Exercise brief: Once the line containing "Mebellarni qayta ta'mirlash xizmati." is found, copy that line and all remaining lines of the records exactly, including the last one, and add nothing.

Excerpts from a dataset
----------
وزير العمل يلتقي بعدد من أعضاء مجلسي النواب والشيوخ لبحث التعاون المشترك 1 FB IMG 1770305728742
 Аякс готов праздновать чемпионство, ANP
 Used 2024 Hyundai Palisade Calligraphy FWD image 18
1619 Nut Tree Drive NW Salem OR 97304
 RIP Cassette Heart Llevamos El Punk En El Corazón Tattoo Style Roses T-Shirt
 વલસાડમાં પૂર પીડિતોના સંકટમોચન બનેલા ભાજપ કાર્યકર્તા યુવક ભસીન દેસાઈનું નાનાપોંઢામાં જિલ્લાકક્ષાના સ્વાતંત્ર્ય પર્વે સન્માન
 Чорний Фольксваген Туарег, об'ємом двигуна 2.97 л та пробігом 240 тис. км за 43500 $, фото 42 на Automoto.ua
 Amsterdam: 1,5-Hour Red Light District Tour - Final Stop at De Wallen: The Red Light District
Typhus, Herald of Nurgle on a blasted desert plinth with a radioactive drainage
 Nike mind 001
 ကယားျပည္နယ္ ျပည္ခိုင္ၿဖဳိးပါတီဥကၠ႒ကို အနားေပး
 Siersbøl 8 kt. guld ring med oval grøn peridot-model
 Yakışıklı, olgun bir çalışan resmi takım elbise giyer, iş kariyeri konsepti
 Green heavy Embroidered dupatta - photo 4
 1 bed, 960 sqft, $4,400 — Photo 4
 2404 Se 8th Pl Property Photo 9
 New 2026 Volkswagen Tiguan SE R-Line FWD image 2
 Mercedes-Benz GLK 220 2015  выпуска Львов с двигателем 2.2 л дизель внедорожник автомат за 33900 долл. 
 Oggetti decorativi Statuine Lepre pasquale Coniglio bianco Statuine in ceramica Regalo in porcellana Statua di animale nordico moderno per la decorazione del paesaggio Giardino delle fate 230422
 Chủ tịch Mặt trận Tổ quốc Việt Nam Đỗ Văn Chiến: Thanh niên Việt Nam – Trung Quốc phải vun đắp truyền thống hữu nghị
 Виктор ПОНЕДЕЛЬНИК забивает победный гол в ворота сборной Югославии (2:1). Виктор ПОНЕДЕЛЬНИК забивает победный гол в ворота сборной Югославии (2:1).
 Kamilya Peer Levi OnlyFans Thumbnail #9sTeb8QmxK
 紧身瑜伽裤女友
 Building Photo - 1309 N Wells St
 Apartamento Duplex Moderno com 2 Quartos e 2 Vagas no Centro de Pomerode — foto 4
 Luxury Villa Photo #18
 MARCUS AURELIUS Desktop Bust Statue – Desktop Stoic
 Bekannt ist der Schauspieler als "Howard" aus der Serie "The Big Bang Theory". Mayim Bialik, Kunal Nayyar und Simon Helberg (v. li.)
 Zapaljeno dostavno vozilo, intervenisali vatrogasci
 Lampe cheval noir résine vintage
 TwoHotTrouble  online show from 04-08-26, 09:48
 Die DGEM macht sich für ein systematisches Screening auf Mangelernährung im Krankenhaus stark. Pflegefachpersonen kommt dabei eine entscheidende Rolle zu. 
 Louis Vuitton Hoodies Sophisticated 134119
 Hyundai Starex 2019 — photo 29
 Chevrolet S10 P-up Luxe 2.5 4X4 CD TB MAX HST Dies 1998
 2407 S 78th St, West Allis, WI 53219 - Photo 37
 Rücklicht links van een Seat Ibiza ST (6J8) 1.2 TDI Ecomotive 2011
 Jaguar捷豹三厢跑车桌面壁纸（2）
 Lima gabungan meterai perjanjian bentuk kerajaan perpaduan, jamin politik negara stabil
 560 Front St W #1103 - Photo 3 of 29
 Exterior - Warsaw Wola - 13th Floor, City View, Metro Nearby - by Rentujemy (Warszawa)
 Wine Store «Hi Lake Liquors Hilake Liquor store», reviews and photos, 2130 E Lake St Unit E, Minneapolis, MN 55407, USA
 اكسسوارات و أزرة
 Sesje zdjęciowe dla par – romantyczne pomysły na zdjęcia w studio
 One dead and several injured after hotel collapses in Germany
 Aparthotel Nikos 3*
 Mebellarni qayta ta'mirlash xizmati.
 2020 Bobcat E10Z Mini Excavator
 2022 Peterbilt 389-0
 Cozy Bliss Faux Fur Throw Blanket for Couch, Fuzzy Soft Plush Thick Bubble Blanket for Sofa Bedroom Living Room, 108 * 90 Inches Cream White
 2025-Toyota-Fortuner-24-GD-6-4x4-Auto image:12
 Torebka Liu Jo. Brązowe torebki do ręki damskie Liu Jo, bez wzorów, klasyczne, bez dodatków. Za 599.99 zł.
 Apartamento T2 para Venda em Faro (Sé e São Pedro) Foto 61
----------
Solution below:
 Mebellarni qayta ta'mirlash xizmati.
 2020 Bobcat E10Z Mini Excavator
 2022 Peterbilt 389-0
 Cozy Bliss Faux Fur Throw Blanket for Couch, Fuzzy Soft Plush Thick Bubble Blanket for Sofa Bedroom Living Room, 108 * 90 Inches Cream White
 2025-Toyota-Fortuner-24-GD-6-4x4-Auto image:12
 Torebka Liu Jo. Brązowe torebki do ręki damskie Liu Jo, bez wzorów, klasyczne, bez dodatków. Za 599.99 zł.
 Apartamento T2 para Venda em Faro (Sé e São Pedro) Foto 61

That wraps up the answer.